Characterization of Synthetic and Natural Product Pharmaceuticals by Functional Group Analysis using Electrospray Ionization-Ion Trap Mass Spectrometry: A Mini-Review

Abstract

This mini-review is concerned with the characterization of synthetic and natural product pharmaceuticals by functional group analysis using electrospray ionization-ion trap mass spectrometry. Studies of the electrospray ionization–ion trap mass spectrometry behavior of selected synthetic and natural product pharmaceuticals of low molecular mass have shown certain characteristic fragmentations in that functional groups are generally cleaved from ring systems either as even electron inorganic or organic molecules such as H2O, CO, CO2, alcohols, carboxylic acids, or as odd electron entities such as methoxy and methyl. This is particularly energetically favorable in the former case with the standard heat of formation at 298.15 K of the ejected neutral molecule having a relatively high negative value.

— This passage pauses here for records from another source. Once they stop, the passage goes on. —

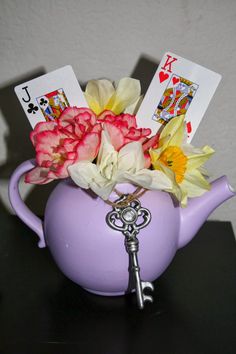 a purple teapot filled with flowers and playing cards on top of a black table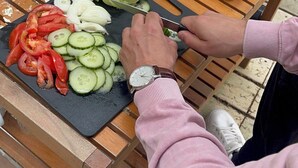 A person preparing a meal on a wooden table outdoors. - Magical Forest Dome Getaway (Vestland)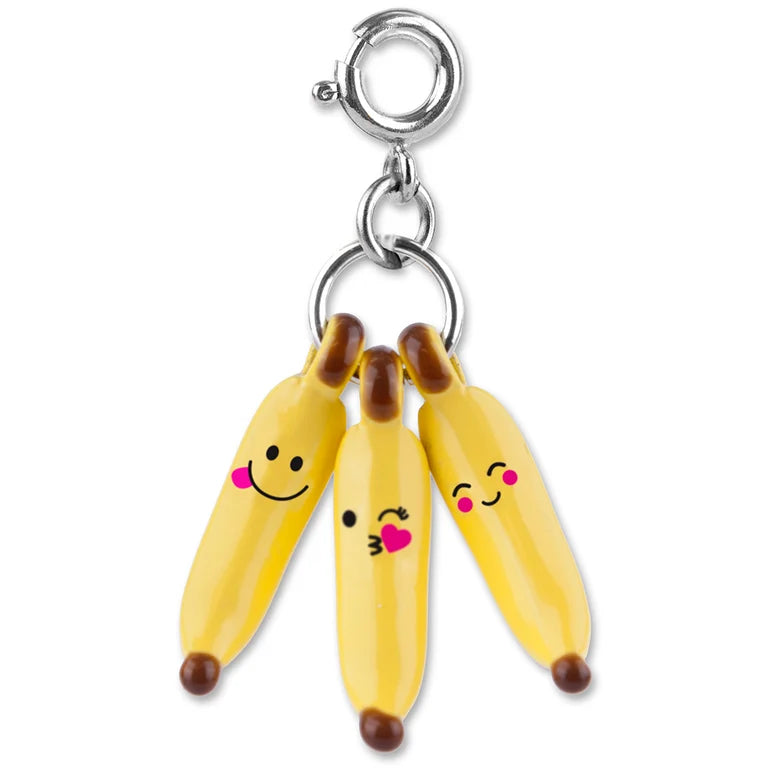 Banana charm with smiley faces on a white background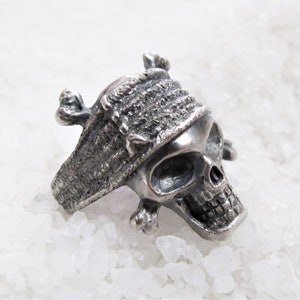 May include: A silver skull ring with a textured band and a skull wearing a bandana. The skull has a detailed face with a prominent nose and jawline.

Fragmentation of pharmaceuticals involving the generation of odd electron entities such as the methyl radical is structure dependent and is to a large extent correlated with the stability of the newly formed free radical ions. The fragmentation data therefore provides useful information on the structure of these pharmaceuticals, their degradation products and metabolites. In some cases, the cleaving of functional groups may parallel the production of certain metabolites. In addition, electrospray ionization-ion trap mass spectrometry data on even and odd electron mass losses may be cross-referenced with data obtained from unknown analytes such as bioactive molecules isolated from natural sources which can then be of value in their structural characterization, assisting in the dereplication process. This mini-review on functional group analysis of selected pharmaceuticals by electrospray ionization-ion trap mass spectrometry provides examples of drug characterization following cleavage from ring systems of even electron molecules (e.g., hypnotic drugs, coumarins, phloroglucinols, and polyphenols) and odd electron entities (e.g., the alkaloid tetrandrine). Parallels between the cleaving of functional groups as even electron mass losses and the metabolic reactions of the macrocyclic antibiotic rifapentine are also discussed.